Dataset:
++++++++

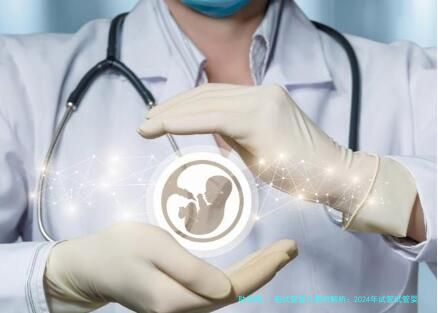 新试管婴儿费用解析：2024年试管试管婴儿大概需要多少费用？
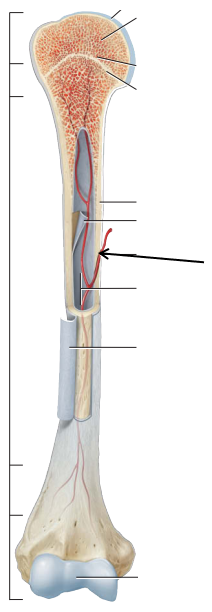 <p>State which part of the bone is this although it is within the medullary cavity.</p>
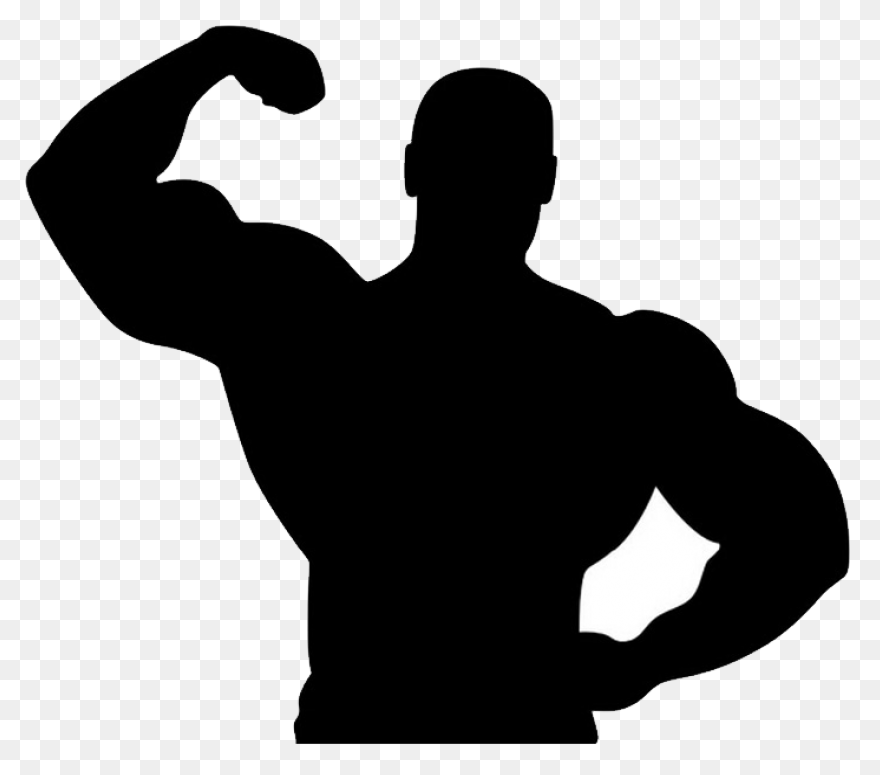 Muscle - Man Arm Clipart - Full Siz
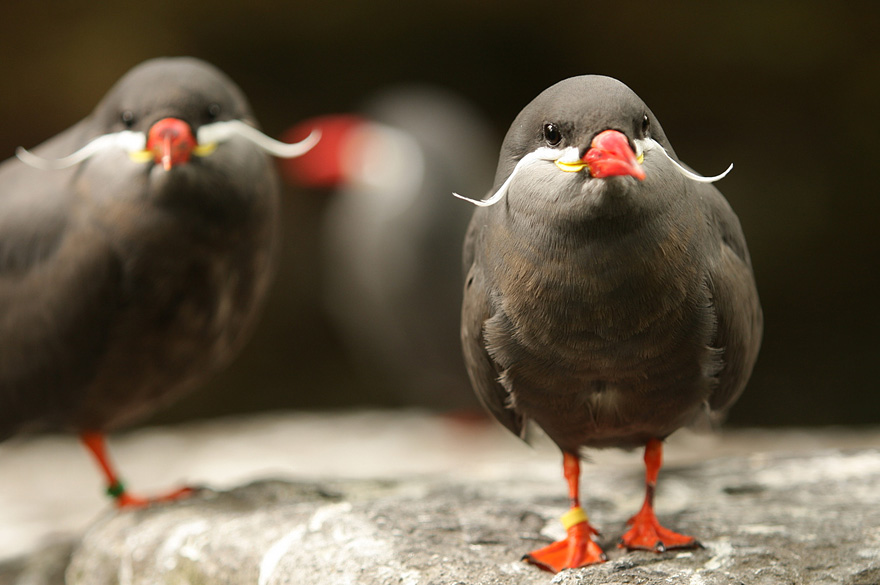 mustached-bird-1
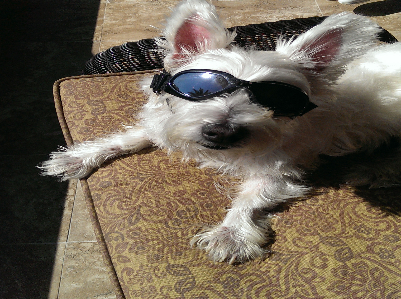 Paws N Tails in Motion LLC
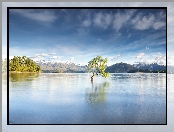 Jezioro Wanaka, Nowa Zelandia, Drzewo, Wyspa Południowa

++++++++

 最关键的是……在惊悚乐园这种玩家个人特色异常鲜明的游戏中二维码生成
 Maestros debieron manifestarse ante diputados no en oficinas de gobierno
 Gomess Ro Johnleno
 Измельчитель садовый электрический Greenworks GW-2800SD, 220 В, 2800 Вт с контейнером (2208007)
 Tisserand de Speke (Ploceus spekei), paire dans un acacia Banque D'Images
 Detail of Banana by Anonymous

++++++++

Given the records above, restate word for word only the lines starting at the one with "Maestros debieron manifestarse" and ending at the one with "Detail of Banana by Anonymous".

Response to the task:
 Maestros debieron manifestarse ante diputados no en oficinas de gobierno
 Gomess Ro Johnleno
 Измельчитель садовый электрический Greenworks GW-2800SD, 220 В, 2800 Вт с контейнером (2208007)
 Tisserand de Speke (Ploceus spekei), paire dans un acacia Banque D'Images
 Detail of Banana by Anonymous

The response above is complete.